Muscle Memory

I have terrible muscle memory.  Ages ago, the first several times I tried aerobics, I always went left when everyone else went right. When I rode, my biggest fear was rarely the size of the jumps — it was doing them in the wrong order. (From personal experience, I can tell you there are few more humiliating experiences then being alone in the arena and having the buzzer sound with someone yelling “OFF COURSE!” Not that that ever happened to me.  Ahem.)

On the flip side, once I get that memory, I have it for years. (Seriously. Anyone want to see my step aerobics routine from the 1990s?) Writing is a bit like that, too.  If I can get my butt in the seat, if I can doodle around for a 45 minutes or so, the words start to come without my thinking about them. My fingers and my brain wake up and remember what to do so long as I stay out of their way.

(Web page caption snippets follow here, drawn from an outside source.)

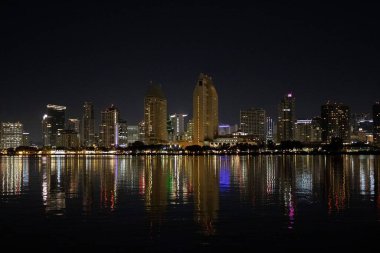Aydınlatılmış Coronado şehrinin nefes kesici gece manzarası, ABD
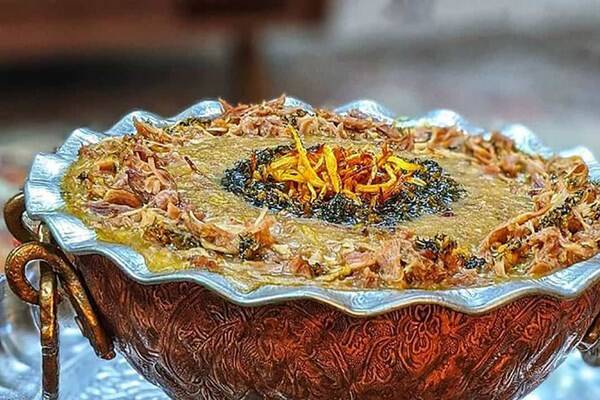 آشها و غذاهایهای سنتی اصفهانیها در شب یلدا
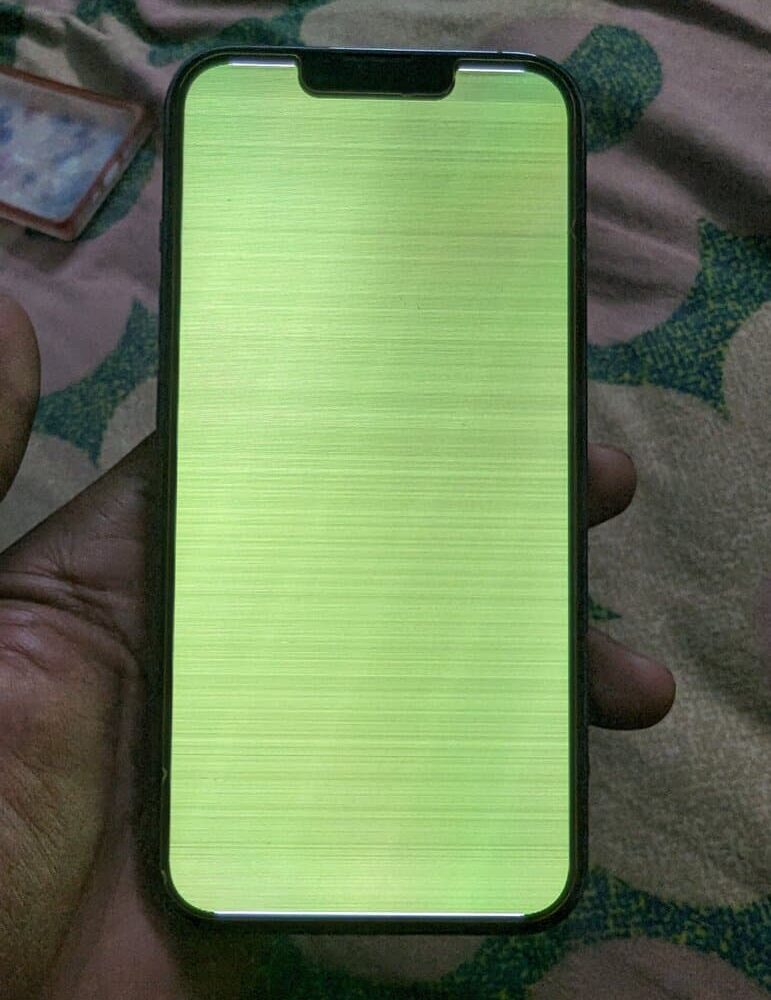 Green screen of death on iPhone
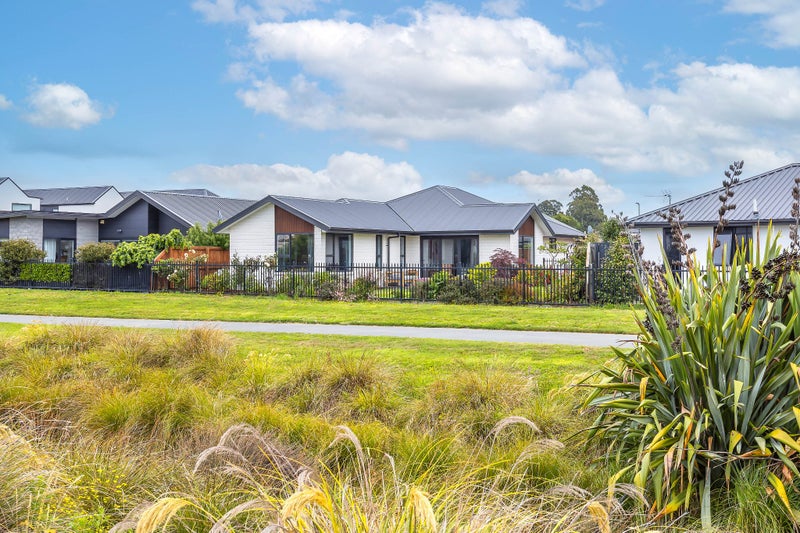 12 Stroma Avenue, Casebrook, Christchurch - Carousel 1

These days, I’m trying to instill a different kind of muscle memory.  I sit by my children at night, taping together a Halloween costume, hearing them recite Spanish phrases, helping with new math. I do this not because I am so enamored of new math (which is different from the new math I had as a child, which must now be old math and is still ghastly) but because I’m hoping that I can instill in them, in their minds and their hearts and in their very muscles themselves, how much they are loved. I want them to remember without even thinking about it, to simply know it the way their lungs know how to breathe, so that when our relationship isn’t as simple, when the questions are so much harder than  How do you say cold in Spanish? and What is the lowest common denominator?, their bodies will remember what their brains may not.

Does muscle memory come easily to you? When is it useful?  And if you have time, check out this gorgeous video which includes footage of my riding crush David O’Connor almost going off-course at the Sydney Olympics.  (It happens around minute 13, but the whole video is worth a watch.)

[youtube=http://www.youtube.com/watch?v=-chRqXQVxsg&w=560&h=315]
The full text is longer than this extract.